**REQUIRED ACTION:** Go to the line that contains "Natural Cat'S Eye (Lehsuniya) 4.52 Carats" in the listing below, then output it and every line after it exactly, omitting pictures.

**DATA PROVIDED:**
[Start of Attachment]
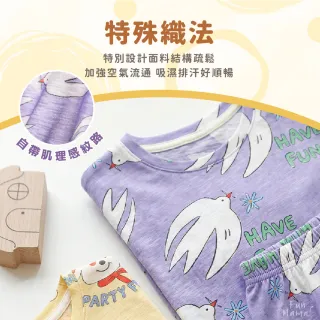 【放了媽媽】兒童居家服-夏季兒童居家服-兒童睡衣-兒童休閒服(套裝)
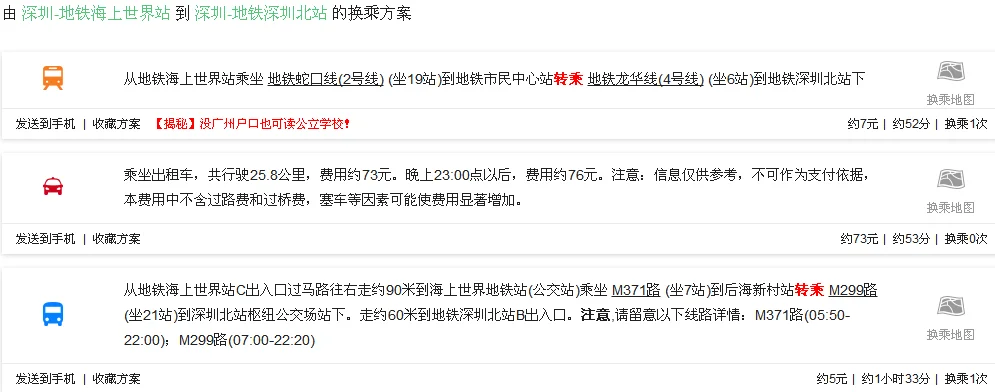 深圳北到蛇口海上世界应该坐几号线地铁（深圳北到海上世界地铁D出口怎么走）2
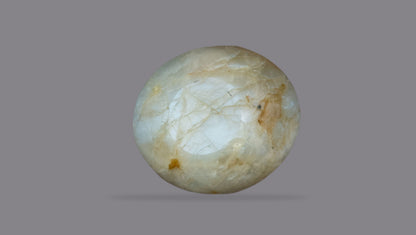 Natural Cat'S Eye (Lehsuniya) 4.52 Carats
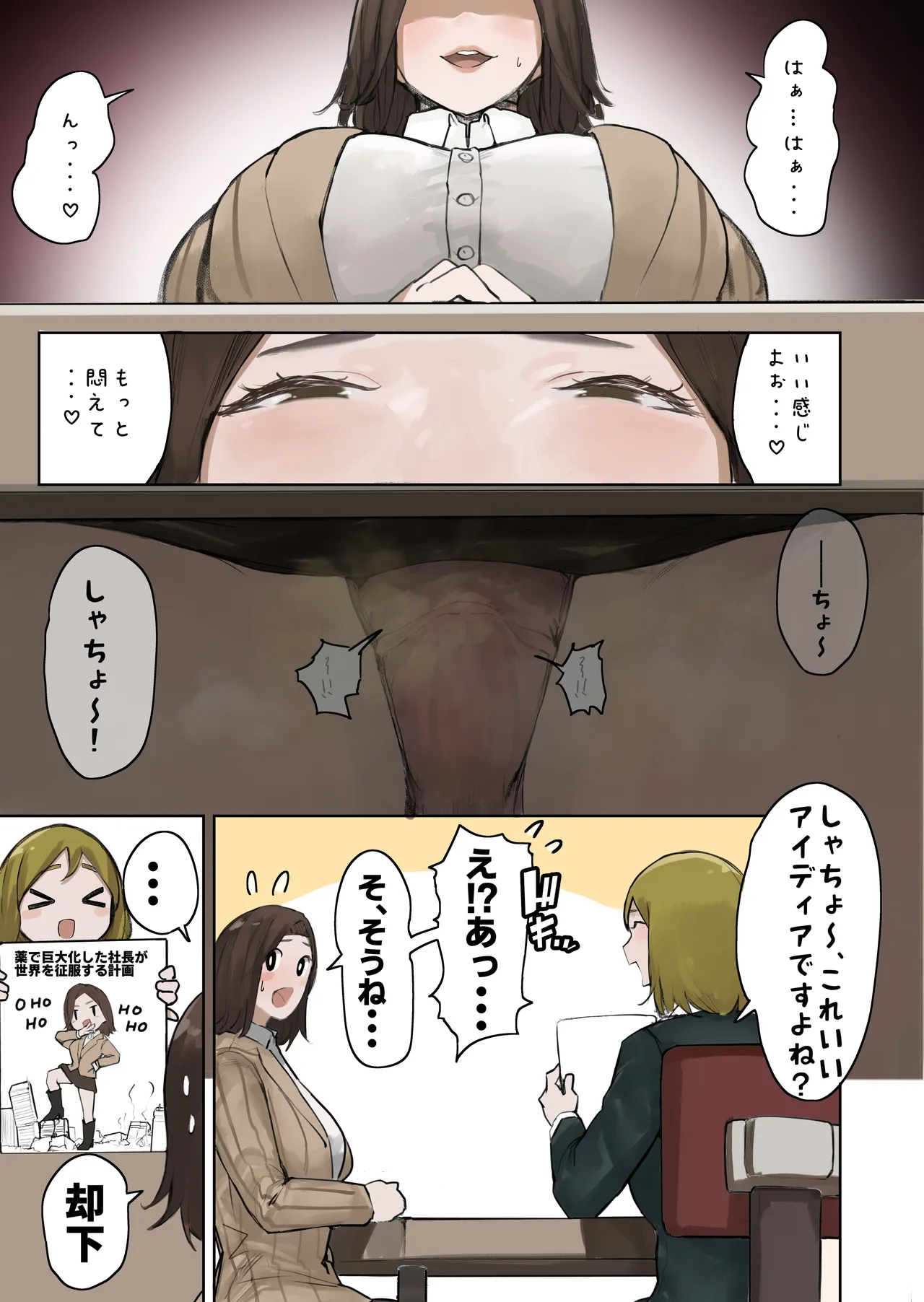 President Matome Page.8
[End of Attachment]
**TASK ANSWER:**
 Natural Cat'S Eye (Lehsuniya) 4.52 Carats
 President Matome Page.8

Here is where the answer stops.